= What to do =
Can you transcribe every entry word for word, skipping the images?
+ + + + + + +
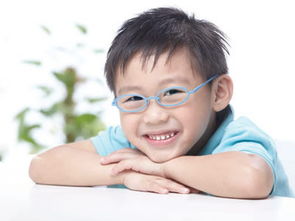 眼睛散光是怎么回事（成人眼睛散光是怎么回事）,眼睛散光是怎么回事（成人眼睛散光是怎么回事）,第3张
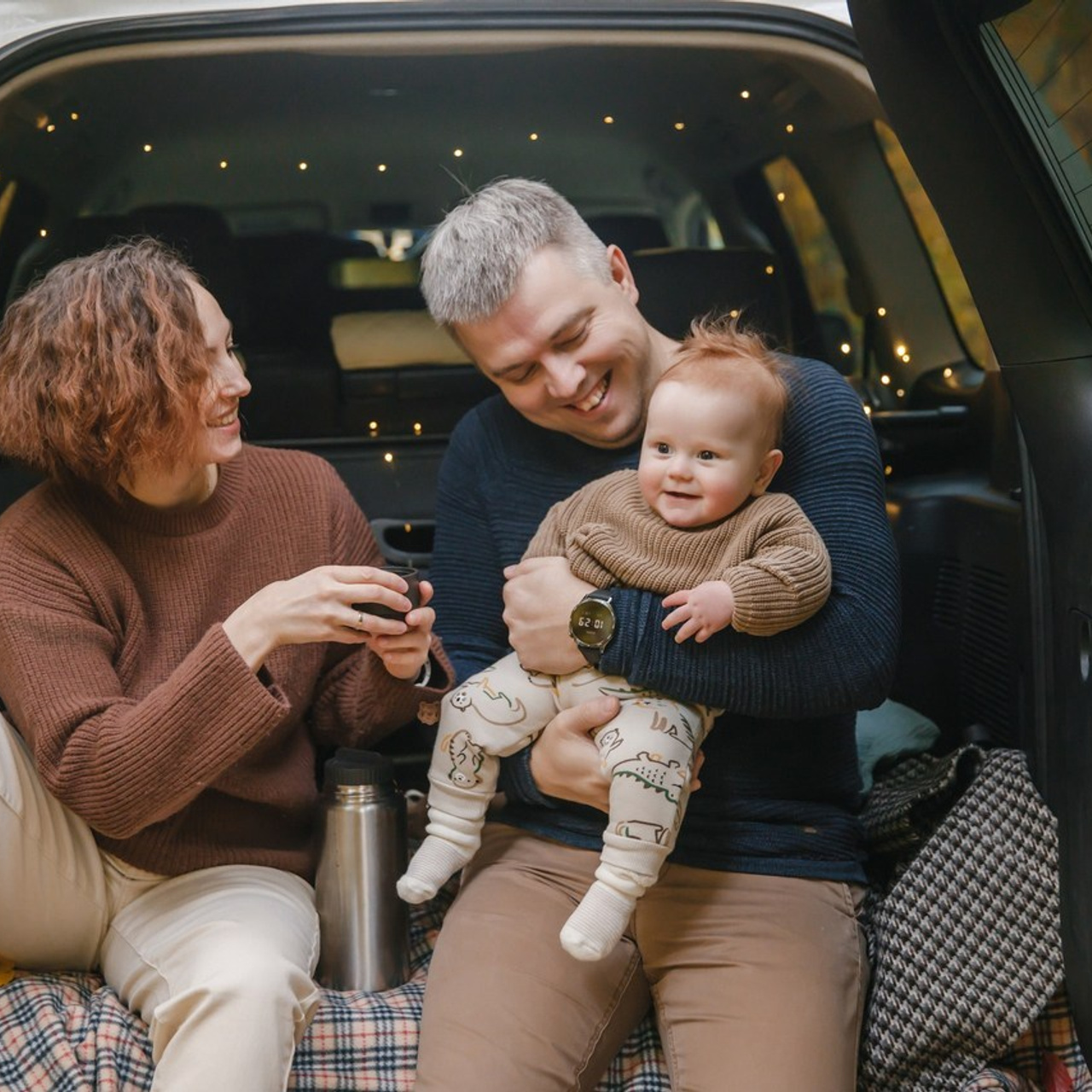 Отзывы. Дмитрий Пупынин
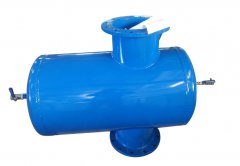 ��Ҋ�ğ��������O(sh��)���������Щ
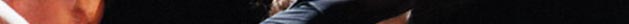 JPEG - 10.5 ko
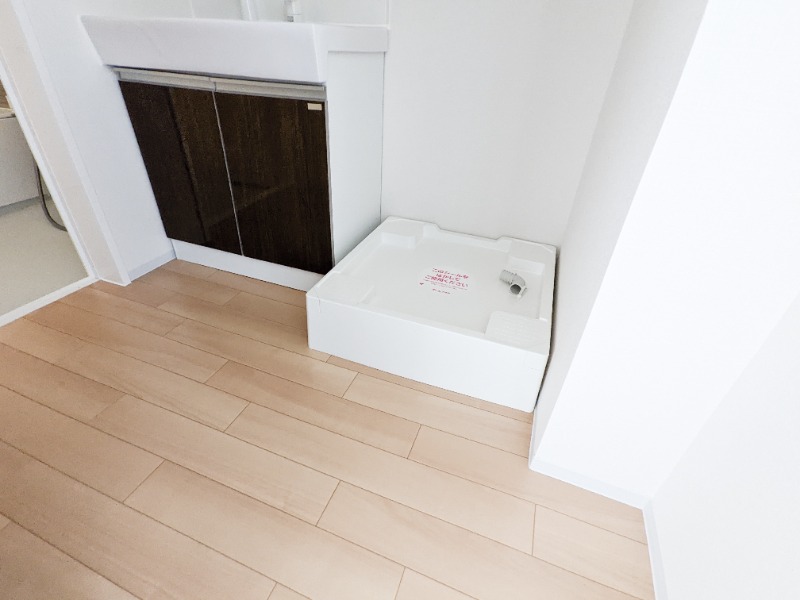 その他　図面と現状に相違がある場合には現状を優先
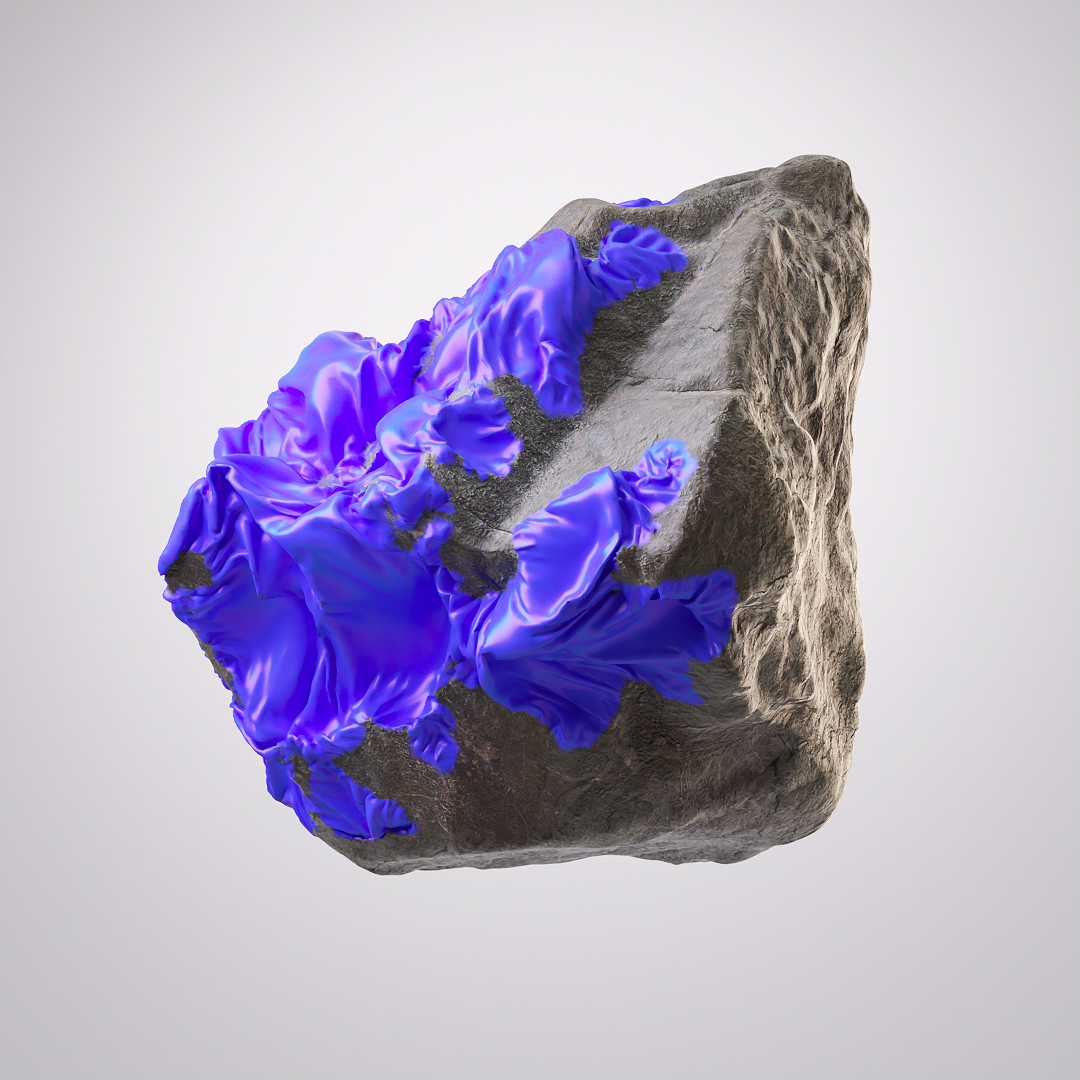 VERNER_RENDER | personal exploration project — Изображение №12 — 3D, Анимация на Dprofile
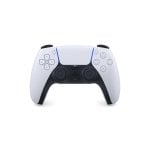 Manette Sony DualSense V2 Noir/Blanc Sans Fil et Filaire Multiplateforme Manette Sony DualSense V2 Noir/Blanc Sans Fil et Filaire Multiplateforme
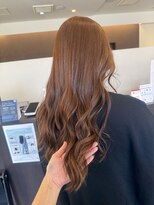 グランドール(Grandoll) ブリーチなしダブルカラー【小倉北区神岳/メディアドーム】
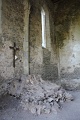146-vitezlo-2014-album4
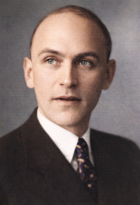 kaashoekgenealogie.nl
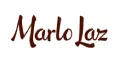 Marlo Laz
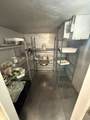 317 Court St - Photo 12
+ + + + + + +
= Exercise solution =
 眼睛散光是怎么回事（成人眼睛散光是怎么回事）,眼睛散光是怎么回事（成人眼睛散光是怎么回事）,第3张
 Отзывы. Дмитрий Пупынин
 ��Ҋ�ğ��������O(sh��)���������Щ
 JPEG - 10.5 ko
 その他　図面と現状に相違がある場合には現状を優先
 VERNER_RENDER | personal exploration project — Изображение №12 — 3D, Анимация на Dprofile
 Manette Sony DualSense V2 Noir/Blanc Sans Fil et Filaire Multiplateforme Manette Sony DualSense V2 Noir/Blanc Sans Fil et Filaire Multiplateforme
 グランドール(Grandoll) ブリーチなしダブルカラー【小倉北区神岳/メディアドーム】
146-vitezlo-2014-album4
 kaashoekgenealogie.nl
 Marlo Laz
 317 Court St - Photo 12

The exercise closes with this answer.